JACKSONVILLE - With Tropical Storm Andrea approaching and hurricane season in full swing the Jacksonville Electric Authority has released some advice to keep your home safe during the storm.
To report outages in your area call JEA at 904-665-6000
To view current outages visit https://jea.com/Outage
They ask people to make sure they are aware how to properly run a generator. If you are unaware of how to to run it safely, do not use it.
If you do use a generator, make sure it is in a well-ventilated area. The fumes can be deadly if inhaled.
If your home is damaged by water or flooding, contact a professional electrician to asses the damage. They will be able to tell you when you can safely turn your power back on.
If a power line is down in your area, contact JEA immediately. Do not approach the down power lines because they may be energized. You can be electrocuted just by getting within proximity to the power line.

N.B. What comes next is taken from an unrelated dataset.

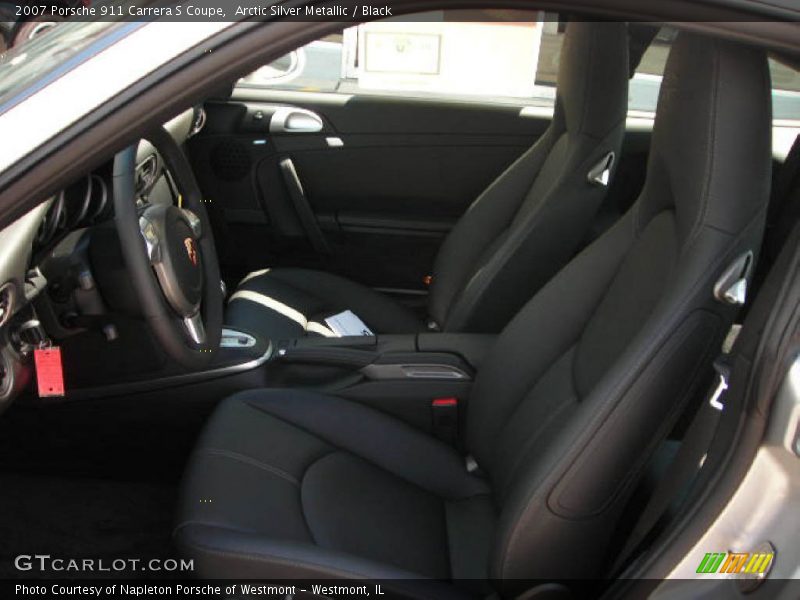Arctic Silver Metallic / Black 2007 Porsche 911 Carrera S Coupe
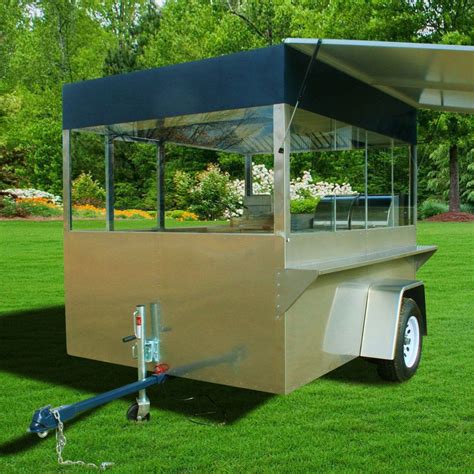 Concession Trailer Enclosed Hot Dog Cart Fryer Griddle Steamers Sinks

If a boil water notice is declared in your neighborhood sanitize all water your drink including the water you would use to brush your teeth. But if you cannot boil water, adding a cap-full of non-concentrated bleach to tap water will make it safe to drink.
Here is the process:
- Add 16 drops of liquid chlorine bleach per gallon of water, or 8 drops per 2-liter bottle of water. Stir to mix. Sodium hypochlorite of the concentration of 5.25 to 6 percent should be the only active ingredient in the bleach. There should not be any added soap or fragrances.
- Let stand 30 minutes.
- If it smells of chlorine, you can use it. If it does not smell of chlorine, add 16 more drops of chlorine bleach per gallon of water (or eight drops per 2-liter bottle of water), let stand 30 minutes, and smell it again. If it smells of chlorine, you can use it. If it still does not smell of chlorine, discard it and find another source of water.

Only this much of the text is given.